March 22 – Hundreds of people march in Deraa and Nawa demanding freedom in the fifth straight day of demonstrations.

March 24 – President Bashar al-Assad orders the formation of a committee to study scrapping the emergency law in place for the last 48 years. The emergency law is lifted on April 19.

March 25 – There are reports of 23 deaths at marches around Syria, including, for the first time, in Damascus.

July 31 – Syrian tanks storm Hama, residents say, after a month-long siege. At least 80 people are killed.

Sept. 15 – Opposition activists announce a Syrian National Council to provide an alternative to the government.

Nov. 12 – The Arab League suspends Syria.

Dec. 19 – Syria signs Arab League peace plan.

Dec. 23 – Two suicide bombs target security buildings in Damascus, killing 44 people. Syria blames al Qaeda. The opposition blames the government.

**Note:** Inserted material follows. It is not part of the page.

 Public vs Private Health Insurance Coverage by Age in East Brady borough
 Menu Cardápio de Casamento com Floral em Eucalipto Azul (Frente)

Feb. 4, 2012 – Russia and China veto a resolution in U.N. Security Council, backed by Arab League, calling for Assad to step down. The General Assembly approves a resolution on Feb. 16 endorsing the Arab League plan calling for Assad to step aside.

Feb. 22 – More than 80 people are killed in Homs including two foreign journalists. Hundreds of people have been killed in daily bombardments of the city by Assad's forces.

Feb. 23 – Former U.N. Secretary-General Kofi Annan is appointed United Nations-Arab League envoy to Syria.

Feb. 24 – Foreign ministers from more than 50 countries meet in Tunis for the inaugural "Friends of Syria" meeting. Russia and China, allies of Syria, do not attend.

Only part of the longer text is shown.